= Anna Friessnegg =

During the National Socialist dictatorship the Viennese Anna Friessnegg (1899–1965), together with her husband Ludwig interceded on behalf of the persecuted Jews. Since 1984 she is an Austrian Righteous among the Nations.

Anna Friessnegg and her husband were the parents of the helpers Anna Manzer and Edi Stecher. In 1944 they helped the Hungarian Jew Melvine Deutsch, looked after her and hid her in their apartment, whenever there was any danger to be found and deported by the Gestapo.

Deutsch was placed in a labour camp of the company Siemens in Floridsdorf, Vienna. When she was deported to concentration camp Mauthausen, she escaped on the way to the train and came to Vienna, where she didn't know anybody. In her situation of despair she turned to Manzer, previously unknown to her.
The Gestapo did not give up to look for Deutsch, who fled from the transporter to Mauthausen.

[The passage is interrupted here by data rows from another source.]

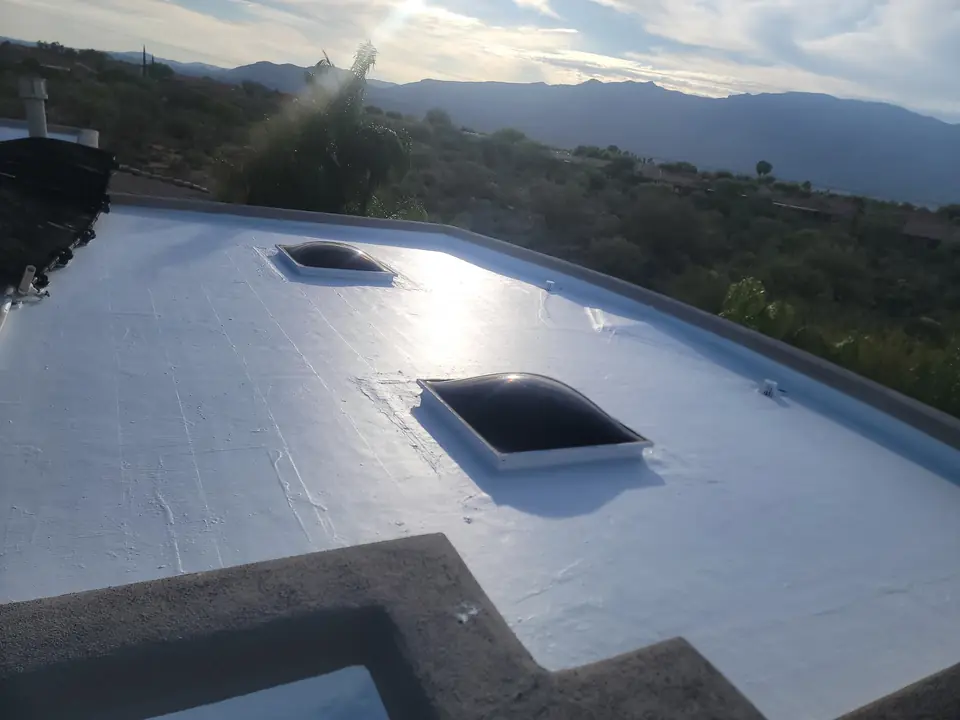 White reflective roof with two skylights and Southern Arizona mountains
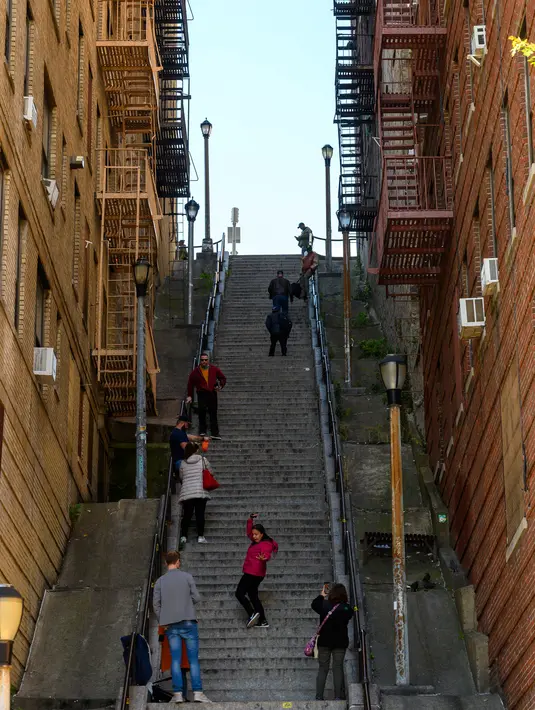 Pengunjung memadati tangga di kawasan Bronx, New York, 23 Oktober 2019. Sejumlah orang mulai mendatangi lokasi tangga yang sudah diberi label Joker Stairs tersebut untuk berfoto meniru adegan ikonik di Film Joker. (Don Emmert / AFP)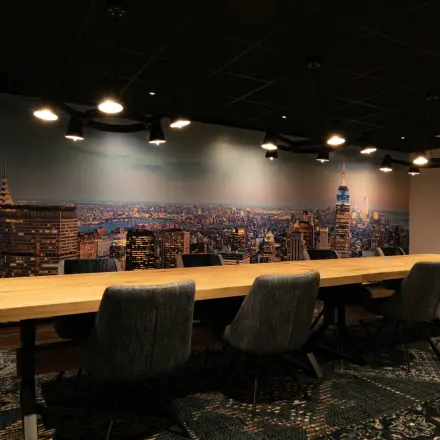 Modern conference room at Steijnlaan 16, Hilversum, featuring a large wooden table and cityscape wall mural, ideal for office space rental.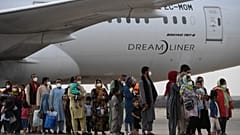 Refugees queue on the tarmac after disembarking from an evacuation flight from Kabul, at the Torrejon de Ardoz air base, 30 km from Madrid, on August 24, 2021.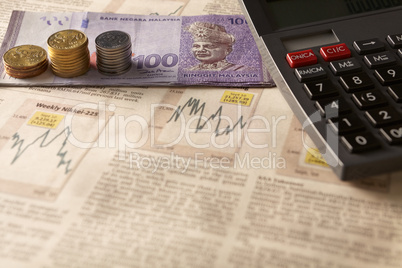 newspaper stock market with calculator and money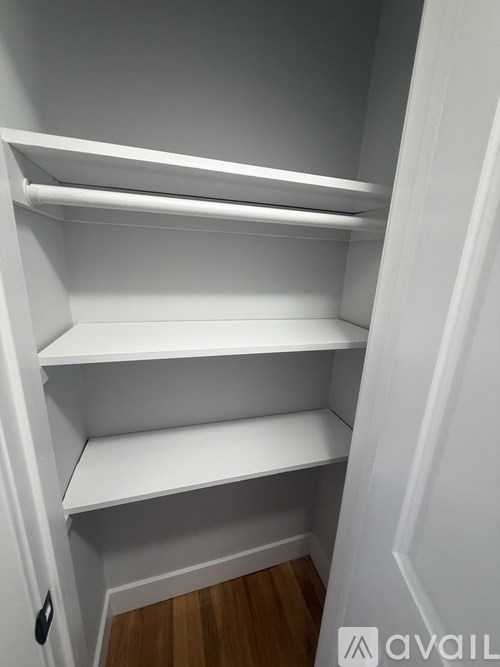 Empty white shelves in a corner.
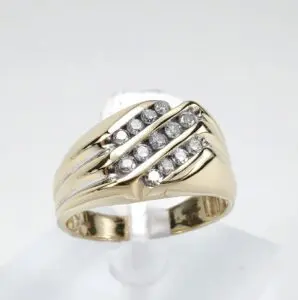 Gold ring with diagonal diamond accents.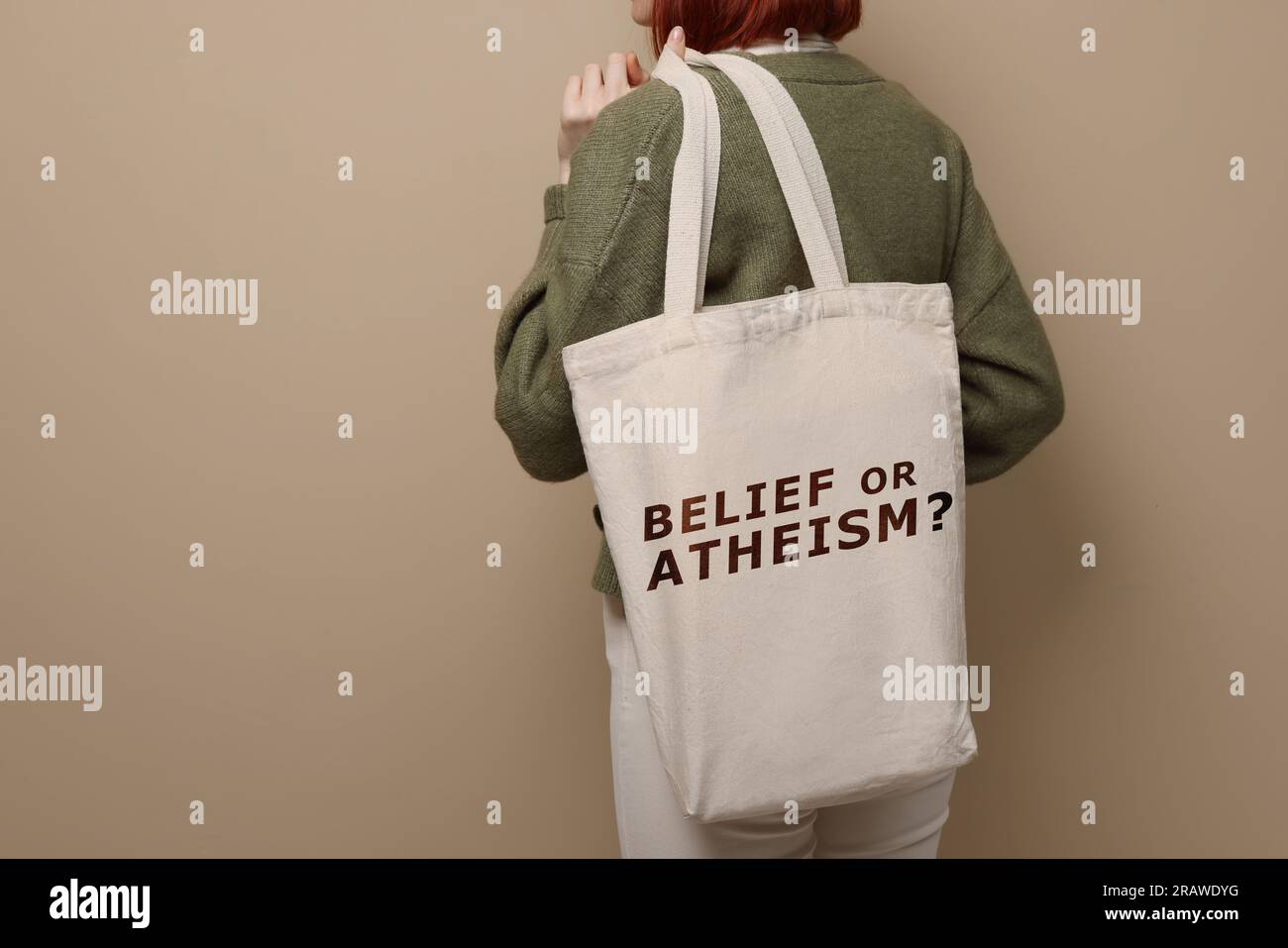 Donna che tiene la borsa con frase credenza o ateismo? su sfondo beige, primo piano Foto Stock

When she was in danger at Manzer' s home, Manzer turned to her brother Stecher for help. Deutsch stayed with Stecher for a few months, without being found by the Gestapo.

But Manzer and Stecher didn't have enough rationed food. That is why their parents helped out and provided food for the hidden Deutsch. When the Gestapo searched the surroundings for Jews, Deutsch often had to hide in Frissneggs apartment as well. After the liberation Deutsch was able to leave that very same apartment safe and unharmed.

Her husband, Ludwig Friessnegg, as well as Anna Manzer and Edi Stecher also are Austrian Righteous among the Nations.